• Problem description: Transcribe, exactly and without pictures, the lines below from the line with "Monoprice Select Series" to the line with "Comfortcana Women's Knight", both ends included, and no others.

• Data in this exercise:
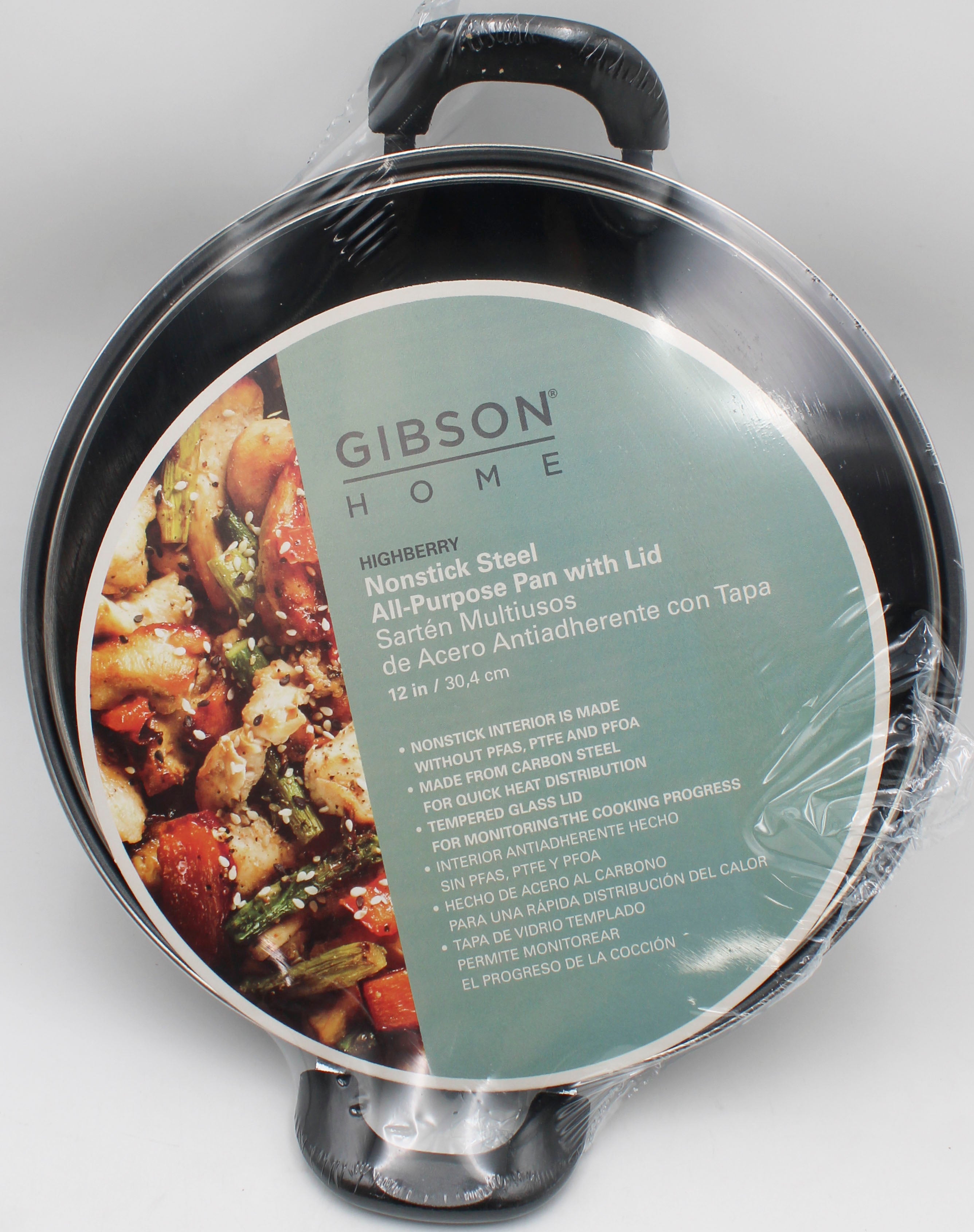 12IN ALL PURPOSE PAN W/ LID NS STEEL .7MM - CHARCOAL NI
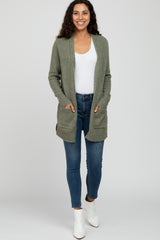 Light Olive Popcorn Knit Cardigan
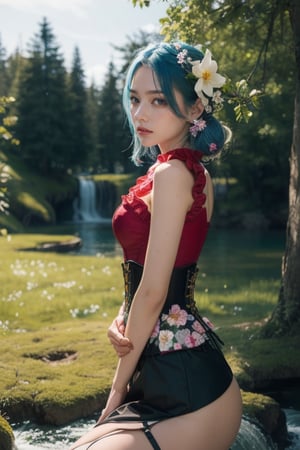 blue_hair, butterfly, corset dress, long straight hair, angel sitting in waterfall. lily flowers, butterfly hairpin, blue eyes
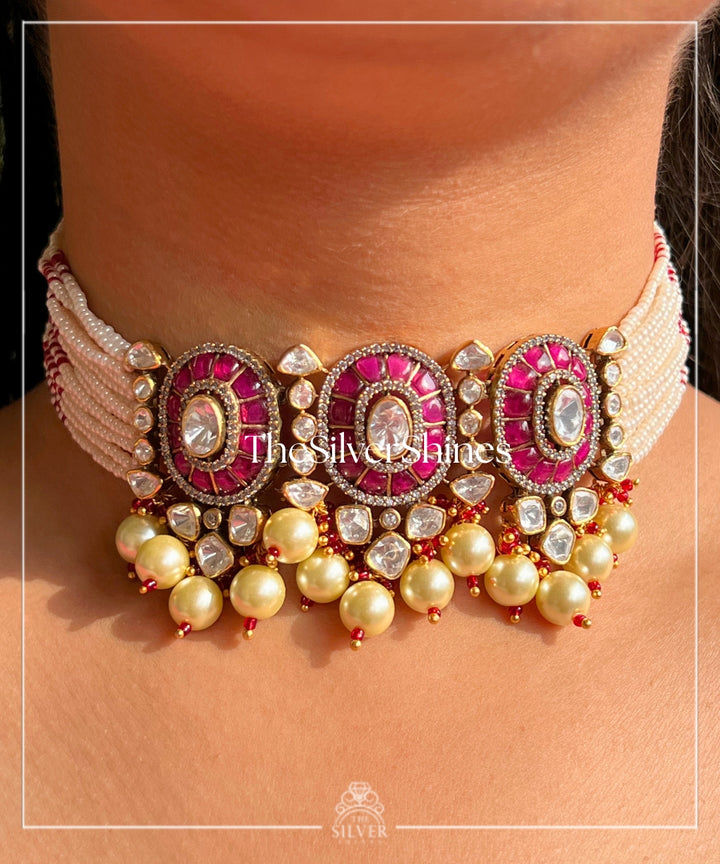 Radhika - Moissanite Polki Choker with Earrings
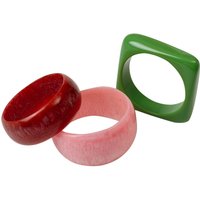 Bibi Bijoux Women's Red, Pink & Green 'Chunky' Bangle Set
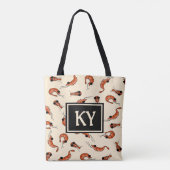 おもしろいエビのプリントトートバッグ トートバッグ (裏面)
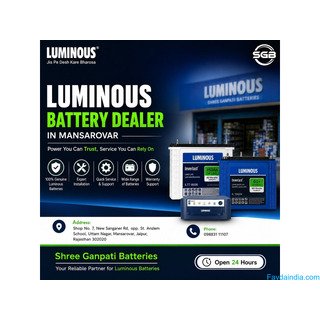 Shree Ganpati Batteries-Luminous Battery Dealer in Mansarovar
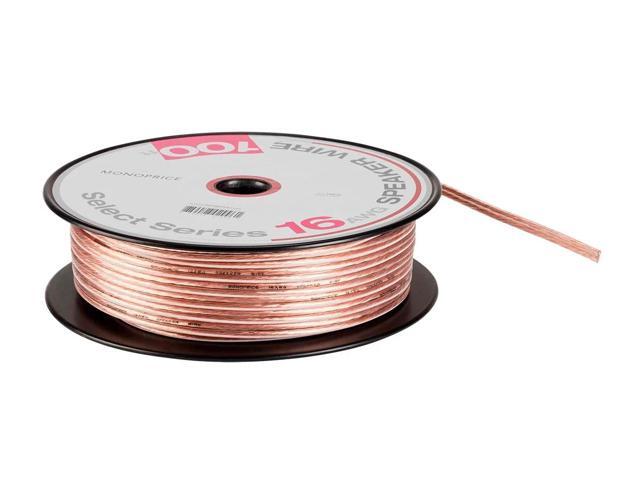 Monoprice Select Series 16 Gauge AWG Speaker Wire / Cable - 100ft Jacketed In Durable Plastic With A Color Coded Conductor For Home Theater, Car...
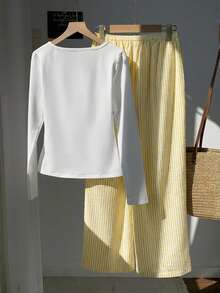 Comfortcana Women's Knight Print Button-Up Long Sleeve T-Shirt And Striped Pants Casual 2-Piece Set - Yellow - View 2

...

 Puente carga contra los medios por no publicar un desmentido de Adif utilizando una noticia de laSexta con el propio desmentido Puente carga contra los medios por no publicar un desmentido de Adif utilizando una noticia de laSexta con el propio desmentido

• Response:
 Monoprice Select Series 16 Gauge AWG Speaker Wire / Cable - 100ft Jacketed In Durable Plastic With A Color Coded Conductor For Home Theater, Car...
 Comfortcana Women's Knight Print Button-Up Long Sleeve T-Shirt And Striped Pants Casual 2-Piece Set - Yellow - View 2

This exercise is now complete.